Export X bookmarks, likes, and authored tweets into a local archive.

These details have not been verified by PyPI

Project links

Project description

tweetxvault

A Python CLI tool for archiving your Twitter/X bookmarks, likes, and authored tweets into a local LanceDB database. Runs unattended via cron, supports incremental sync with crash-safe resume, and preserves raw API responses so you never lose data.

Features

Incremental sync — fetches only new items by default; resumes interrupted backfills automatically
Raw capture preservation — every API response page is stored verbatim alongside parsed tweet records
Secondary object extraction — archives canonical tweet objects, attached-tweet relations, media metadata, URL refs, and article payloads alongside collection memberships
Crash-safe checkpoints — sync state advances atomically with data writes; safe to kill mid-run
Full-text and semantic search — built-in FTS (tantivy) and optional ONNX-based vector embeddings for hybrid search
Automatic query ID discovery — scrapes Twitter's JS bundles to stay current with GraphQL endpoint changes
Browser cookie extraction — reads session cookies from Firefox plus Chromium-family browsers like Chrome, Chromium, Brave, Edge, Opera, Opera GX, Vivaldi, and Arc
Rate limit handling — exponential backoff, cooldown periods, and configurable retry limits
Export — export your archive to JSON or a self-contained HTML viewer

Requirements

Python 3.12+
uv (recommended) or pip
Unix-like runtime only today (Linux/macOS).
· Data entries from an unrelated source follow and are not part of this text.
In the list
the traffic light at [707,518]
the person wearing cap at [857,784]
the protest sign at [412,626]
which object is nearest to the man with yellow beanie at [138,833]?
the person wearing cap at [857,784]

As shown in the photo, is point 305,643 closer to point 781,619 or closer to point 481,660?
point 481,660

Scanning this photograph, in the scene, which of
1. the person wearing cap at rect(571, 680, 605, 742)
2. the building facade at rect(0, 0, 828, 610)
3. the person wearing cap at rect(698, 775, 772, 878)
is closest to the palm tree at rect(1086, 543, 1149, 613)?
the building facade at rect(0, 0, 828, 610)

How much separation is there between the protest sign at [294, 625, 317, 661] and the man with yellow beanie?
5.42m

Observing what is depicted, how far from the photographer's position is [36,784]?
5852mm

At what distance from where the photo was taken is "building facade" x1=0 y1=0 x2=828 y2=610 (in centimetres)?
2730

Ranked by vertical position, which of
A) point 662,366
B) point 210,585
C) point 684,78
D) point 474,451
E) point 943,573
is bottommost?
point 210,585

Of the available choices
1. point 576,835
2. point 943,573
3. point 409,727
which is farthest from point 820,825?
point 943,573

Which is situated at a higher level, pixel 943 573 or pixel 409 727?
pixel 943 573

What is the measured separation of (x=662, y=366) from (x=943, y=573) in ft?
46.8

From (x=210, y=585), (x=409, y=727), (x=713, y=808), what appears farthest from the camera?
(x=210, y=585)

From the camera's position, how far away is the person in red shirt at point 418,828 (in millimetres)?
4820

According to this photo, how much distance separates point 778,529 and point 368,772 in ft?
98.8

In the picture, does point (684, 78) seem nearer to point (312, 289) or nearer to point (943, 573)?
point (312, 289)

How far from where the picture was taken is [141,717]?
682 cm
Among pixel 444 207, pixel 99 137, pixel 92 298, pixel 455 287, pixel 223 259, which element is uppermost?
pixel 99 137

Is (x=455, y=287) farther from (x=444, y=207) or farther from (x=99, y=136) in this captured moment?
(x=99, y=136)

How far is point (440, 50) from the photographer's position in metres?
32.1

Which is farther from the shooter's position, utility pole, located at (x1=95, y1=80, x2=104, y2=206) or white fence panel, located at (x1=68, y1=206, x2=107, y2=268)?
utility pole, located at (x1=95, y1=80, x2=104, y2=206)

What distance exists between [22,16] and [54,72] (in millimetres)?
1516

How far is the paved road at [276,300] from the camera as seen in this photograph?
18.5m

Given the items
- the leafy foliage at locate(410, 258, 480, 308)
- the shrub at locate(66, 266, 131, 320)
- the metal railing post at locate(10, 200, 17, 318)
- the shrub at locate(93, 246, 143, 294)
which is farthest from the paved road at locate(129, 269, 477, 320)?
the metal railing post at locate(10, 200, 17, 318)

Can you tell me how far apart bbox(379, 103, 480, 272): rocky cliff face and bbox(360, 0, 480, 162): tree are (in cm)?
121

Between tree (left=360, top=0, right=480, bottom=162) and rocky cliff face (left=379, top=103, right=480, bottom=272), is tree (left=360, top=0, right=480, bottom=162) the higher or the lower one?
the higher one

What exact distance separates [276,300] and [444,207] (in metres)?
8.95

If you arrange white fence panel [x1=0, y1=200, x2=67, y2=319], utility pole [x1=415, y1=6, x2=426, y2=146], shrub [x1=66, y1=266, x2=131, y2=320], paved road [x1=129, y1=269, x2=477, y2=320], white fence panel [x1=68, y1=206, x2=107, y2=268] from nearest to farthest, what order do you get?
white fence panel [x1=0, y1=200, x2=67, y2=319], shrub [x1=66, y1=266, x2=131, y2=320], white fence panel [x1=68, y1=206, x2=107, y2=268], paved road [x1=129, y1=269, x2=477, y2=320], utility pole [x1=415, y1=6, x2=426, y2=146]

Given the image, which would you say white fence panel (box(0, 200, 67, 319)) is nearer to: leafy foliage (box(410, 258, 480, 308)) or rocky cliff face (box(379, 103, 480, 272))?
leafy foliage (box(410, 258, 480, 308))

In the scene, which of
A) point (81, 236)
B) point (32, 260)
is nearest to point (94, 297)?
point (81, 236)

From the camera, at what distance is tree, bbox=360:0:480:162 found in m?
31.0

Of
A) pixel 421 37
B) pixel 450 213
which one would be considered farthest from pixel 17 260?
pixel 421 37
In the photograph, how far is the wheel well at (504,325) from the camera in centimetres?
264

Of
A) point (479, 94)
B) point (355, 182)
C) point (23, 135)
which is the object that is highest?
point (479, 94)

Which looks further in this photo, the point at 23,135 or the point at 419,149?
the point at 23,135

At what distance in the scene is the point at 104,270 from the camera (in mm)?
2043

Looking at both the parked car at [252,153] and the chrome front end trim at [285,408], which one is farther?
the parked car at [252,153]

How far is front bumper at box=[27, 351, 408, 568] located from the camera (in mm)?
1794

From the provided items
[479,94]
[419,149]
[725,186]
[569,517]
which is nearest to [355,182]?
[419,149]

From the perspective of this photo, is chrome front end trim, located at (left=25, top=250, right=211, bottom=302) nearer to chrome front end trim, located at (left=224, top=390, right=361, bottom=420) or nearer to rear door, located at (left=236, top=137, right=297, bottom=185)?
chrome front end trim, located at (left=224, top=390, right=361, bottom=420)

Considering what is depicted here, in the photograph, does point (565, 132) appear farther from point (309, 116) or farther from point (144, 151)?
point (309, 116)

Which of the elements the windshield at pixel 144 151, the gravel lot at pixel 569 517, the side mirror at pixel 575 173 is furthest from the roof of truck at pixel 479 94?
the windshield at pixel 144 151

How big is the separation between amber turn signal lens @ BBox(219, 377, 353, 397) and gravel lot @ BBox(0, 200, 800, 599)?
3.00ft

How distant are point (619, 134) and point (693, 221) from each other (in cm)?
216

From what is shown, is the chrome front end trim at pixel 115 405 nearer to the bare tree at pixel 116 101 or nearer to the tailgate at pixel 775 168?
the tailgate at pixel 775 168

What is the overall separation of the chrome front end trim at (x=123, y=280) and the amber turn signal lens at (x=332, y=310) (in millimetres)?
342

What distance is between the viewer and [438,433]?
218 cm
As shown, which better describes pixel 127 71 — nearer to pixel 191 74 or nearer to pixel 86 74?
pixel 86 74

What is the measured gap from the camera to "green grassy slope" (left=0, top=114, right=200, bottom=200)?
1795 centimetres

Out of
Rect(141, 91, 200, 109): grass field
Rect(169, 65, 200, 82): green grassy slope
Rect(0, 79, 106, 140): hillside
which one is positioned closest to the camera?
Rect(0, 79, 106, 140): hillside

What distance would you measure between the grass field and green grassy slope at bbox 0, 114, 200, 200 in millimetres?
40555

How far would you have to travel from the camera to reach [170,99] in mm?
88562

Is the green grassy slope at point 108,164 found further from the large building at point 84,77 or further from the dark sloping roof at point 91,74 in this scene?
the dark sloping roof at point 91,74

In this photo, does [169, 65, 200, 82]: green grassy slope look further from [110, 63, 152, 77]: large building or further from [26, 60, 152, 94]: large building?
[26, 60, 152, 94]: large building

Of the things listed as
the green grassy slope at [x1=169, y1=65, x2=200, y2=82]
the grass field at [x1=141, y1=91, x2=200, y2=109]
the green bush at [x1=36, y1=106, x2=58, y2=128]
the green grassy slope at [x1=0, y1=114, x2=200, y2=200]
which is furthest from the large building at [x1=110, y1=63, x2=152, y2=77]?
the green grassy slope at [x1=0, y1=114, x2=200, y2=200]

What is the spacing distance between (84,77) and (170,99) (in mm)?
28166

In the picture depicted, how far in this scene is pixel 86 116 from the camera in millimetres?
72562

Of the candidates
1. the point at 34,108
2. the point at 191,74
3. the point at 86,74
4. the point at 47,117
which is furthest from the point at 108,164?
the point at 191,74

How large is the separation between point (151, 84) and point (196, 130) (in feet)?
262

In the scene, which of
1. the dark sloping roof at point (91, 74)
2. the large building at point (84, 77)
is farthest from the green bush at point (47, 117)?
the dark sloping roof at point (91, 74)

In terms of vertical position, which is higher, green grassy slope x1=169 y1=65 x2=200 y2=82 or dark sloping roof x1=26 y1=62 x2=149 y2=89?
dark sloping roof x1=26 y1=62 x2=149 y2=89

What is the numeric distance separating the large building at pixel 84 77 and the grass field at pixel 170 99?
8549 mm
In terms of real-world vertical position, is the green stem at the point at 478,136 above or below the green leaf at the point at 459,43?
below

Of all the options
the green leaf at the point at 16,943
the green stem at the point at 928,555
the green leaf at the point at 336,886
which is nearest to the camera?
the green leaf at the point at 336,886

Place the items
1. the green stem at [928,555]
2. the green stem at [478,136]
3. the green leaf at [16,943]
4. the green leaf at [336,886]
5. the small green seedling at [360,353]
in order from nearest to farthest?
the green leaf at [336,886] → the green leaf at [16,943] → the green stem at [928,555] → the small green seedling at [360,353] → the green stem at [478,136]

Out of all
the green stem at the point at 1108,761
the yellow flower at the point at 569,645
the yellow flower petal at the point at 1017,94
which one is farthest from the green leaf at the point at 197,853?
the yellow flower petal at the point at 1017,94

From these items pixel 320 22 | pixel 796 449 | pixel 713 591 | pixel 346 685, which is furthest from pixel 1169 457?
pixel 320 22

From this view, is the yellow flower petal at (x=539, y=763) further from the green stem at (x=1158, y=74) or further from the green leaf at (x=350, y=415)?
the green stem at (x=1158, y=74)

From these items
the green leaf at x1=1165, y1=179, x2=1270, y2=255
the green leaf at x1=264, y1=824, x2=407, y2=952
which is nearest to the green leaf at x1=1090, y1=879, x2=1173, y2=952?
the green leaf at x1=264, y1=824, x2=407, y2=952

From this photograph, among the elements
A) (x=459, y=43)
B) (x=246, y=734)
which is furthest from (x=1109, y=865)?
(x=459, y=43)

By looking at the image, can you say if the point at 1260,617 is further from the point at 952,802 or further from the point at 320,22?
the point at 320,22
Windows is not supported yet because the CLI currently depends on fcntl, resource, and strftime("%-d").
A Twitter/X account logged in via Firefox or a supported Chromium-family browser, or session cookies obtained manually

Installation

Install from PyPI:

pip install tweetxvault

To enable semantic search (vector embeddings):

pip install "tweetxvault[embed]"

Install from source:

git clone https://github.com/lhl/tweetxvault.git
cd tweetxvault
uv sync

To enable semantic search from source:

uv sync --extra embed

This installs onnxruntime, tokenizers, and huggingface-hub. GPU acceleration (CUDA/ROCm) is used automatically when available; CPU works fine too (~150-200 tweets/s).

Authentication

tweetxvault needs your auth_token and ct0 session cookies from Twitter/X. There are three ways to provide them (checked in this order):

1. Environment variables (simplest)

export TWEETXVAULT_AUTH_TOKEN="your_auth_token"
export TWEETXVAULT_CT0="your_ct0_token"
export TWEETXVAULT_USER_ID="your_numeric_user_id"  # required for likes and own-tweet sync

2. Config file

Create ~/.config/tweetxvault/config.toml:

[auth]
auth_token = "your_auth_token"
ct0 = "your_ct0_token"
user_id = "your_numeric_user_id"

3. Browser auto-extraction

If you're logged into x.com in Firefox, Chrome, Chromium, Brave, Edge, Opera, Opera GX, Vivaldi, or Arc, tweetxvault will try them in that order and stop after the first browser profile that yields valid X cookies.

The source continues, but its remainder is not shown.